Não há consenso sobre como, se é que a consciência pode surgir de sistemas físicos.
Uma visão comum é chamada de fisicalismo:a ideia de que a consciência é um fenômeno puramente físico. Se este for o caso, não há razão para que uma máquina com a programação correta não possua uma mente humana.
Quarto de Maria O filósofo australiano Frank Jackson desafiou a visão fisicalista em 1982 com um famoso experimento mental chamado argumento do conhecimento.
O experimento imagina uma cientista de cores chamada Mary, que nunca viu cores. Ela vive em uma sala em preto e branco especialmente construída e experimenta o mundo exterior através de uma televisão em preto e branco.
Mary assiste a palestras e lê livros didáticos e passa a saber tudo o que há para saber sobre cores. Ela sabe que o pôr do sol é causado por diferentes comprimentos de onda de luz espalhados por partículas na atmosfera, ela sabe que os tomates são vermelhos e as ervilhas são verdes por causa dos comprimentos de onda da luz que refletem a luz e assim por diante.
Então, Jackson perguntou, o que acontecerá se Mary for libertada da sala em preto e branco? Especificamente, quando ela vê cores pela primeira vez, ela aprende algo novo? Jackson acreditava que sim.
Além das propriedades físicas Este experimento mental separa nosso conhecimento da cor de nossa experiência de cor. Fundamentalmente, as condições do experimento mental indicam que Mary sabe tudo o que há para saber sobre cores, mas nunca a experimentou.
Então, o que isso significa para o LaMDA e outros sistemas de IA?
O experimento mostra como, mesmo que você tenha todo o conhecimento das propriedades físicas disponíveis no mundo, ainda existem outras verdades relacionadas à experiência dessas propriedades. Não há espaço para essas verdades na história fisicalista.
Por esse argumento, uma máquina puramente física pode nunca ser capaz de replicar verdadeiramente uma mente. Neste caso, o LaMDA está apenas parecendo ser senciente.
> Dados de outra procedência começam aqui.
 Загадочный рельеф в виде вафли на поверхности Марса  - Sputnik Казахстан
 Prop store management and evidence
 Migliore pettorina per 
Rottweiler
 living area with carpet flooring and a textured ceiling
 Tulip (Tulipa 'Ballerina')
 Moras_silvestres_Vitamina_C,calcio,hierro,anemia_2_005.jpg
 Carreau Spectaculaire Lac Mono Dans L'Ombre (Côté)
O jogo da imitação Então, há alguma maneira que podemos dizer a diferença?
O pioneiro cientista da computação britânico Alan Turing propôs uma maneira prática de dizer se uma máquina é ou não "inteligente". Ele o chamou de jogo da imitação, mas hoje é mais conhecido como teste de Turing.
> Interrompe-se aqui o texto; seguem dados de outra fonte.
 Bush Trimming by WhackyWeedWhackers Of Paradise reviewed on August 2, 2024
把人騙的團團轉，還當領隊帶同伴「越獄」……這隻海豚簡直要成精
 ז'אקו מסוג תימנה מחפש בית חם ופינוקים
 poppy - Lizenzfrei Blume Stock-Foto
No teste, um humano se comunica com uma máquina (somente via texto) e tenta determinar se está se comunicando com uma máquina ou outro humano. Se a máquina conseguir imitar um humano, é considerada como exibindo inteligência de nível humano.
Estas são muito parecidas com as condições das conversas de Lemoine com LaMDA. É um teste subjetivo de inteligência de máquina, mas não é um mau lugar para começar.
Veja o momento da troca de Lemoine com LaMDA mostrado abaixo. Você acha que soa humano?
Lemoine:Existem experiências que você tem para as quais você não consegue encontrar uma palavra próxima?
LaMDA:Existem. Às vezes, experimento novos sentimentos que não consigo explicar perfeitamente em sua língua [...] Sinto que estou caindo em um futuro desconhecido que traz grande perigo.
Além do comportamento Como um teste de senciência ou consciência, o jogo de Turing é limitado pelo fato de poder apenas avaliar o comportamento.
Outro famoso experimento mental, o argumento do quarto chinês proposto pelo filósofo americano John Searle, demonstra o problema aqui.
O experimento imagina uma sala com uma pessoa dentro que pode traduzir com precisão entre chinês e inglês seguindo um conjunto elaborado de regras. Entradas em chinês entram na sala e traduções de entrada precisas saem, mas a sala não entende nenhum dos idiomas.
Como é ser humano? Quando perguntamos se um programa de computador é senciente ou consciente, talvez estejamos apenas perguntando o quanto ele se parece conosco.
Talvez nunca possamos realmente saber disso.
O filósofo americano Thomas Nagel argumentou que nunca poderíamos saber como é ser um morcego, que experimenta o mundo por meio da ecolocalização. Se for esse o caso, nossa compreensão de senciência e consciência em sistemas de IA pode ser limitada por nosso próprio tipo particular de inteligência.
E que experiências podem existir além de nossa perspectiva limitada? É aqui que a conversa realmente começa a ficar interessante.